Sistema carcerário brasileiro: problemas e soluções
Enviada em 08/10/2017
Na Idade Média, os reis utilizavam as masmorras para aprisionar os súditos e estrangeiros que descumprissem as leis. Hodiernamente, de modo análogo, o sistema carcerário cumpre essa função reclusiva. No Brasil, esse processo atravessa grandes dificuldades, tanto no que diz respeito às más condições estruturais quanto às questões de superlotação.
Em primeira análise, é válido destacar a morosidade no julgamento dos casos. Isso ocorre porque há uma quantidade ínfima de profissionais especializados para um número exorbitante de pessoas, em regime fechado, esperando a sentença final. A consequência disso são presídios com mais de 100% de suas capacidades excedidas, conforme os dados do Conselho Nacional do Ministério Público.
Ademais, é importante observar, ainda, que as prisões não cumprem seu papel ressocializador por causa da falta de estrutura correta. Quando Kant afirma que o ser humano é aquilo que a educação faz dele, ratifica a necessidade do estudo para a mudança de perspectiva dos detentos. Dessa forma, a ausência de medidas educacionais eficazes, dentro dos presídios, geram muitos casos de reincidência e favorecem a formação de facções criminosas.
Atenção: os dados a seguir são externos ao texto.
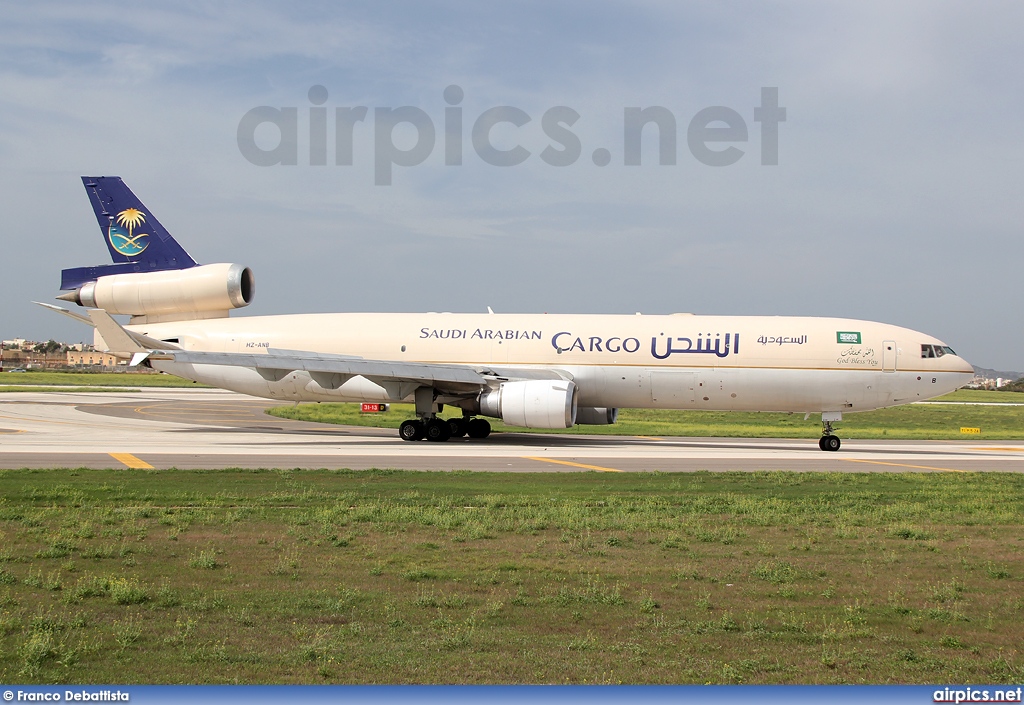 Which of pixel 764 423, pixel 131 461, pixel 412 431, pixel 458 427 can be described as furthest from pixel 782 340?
pixel 131 461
É notória, portanto, a crise que o sistema carcerário brasileiro se encontra, relacionada, majoritariamente, a fatores logísticos. Destarte, é necessário que o Poder Judiciário resolva os casos em aberto, através de um mutirão de juízes, a fim de haver uma redução do número de pessoas detidas. Além disso, o Poder Executivo deve promover melhorias nas dependências com função educacional, por meio de parcela do PIB, para que aumente as oportunidades dos detentos e, assim, diminua-se a criminalidade. Surgem, assim, oportunidades de se promover um cotidiano mais equilibrado para as pessoas privadas de liberdade.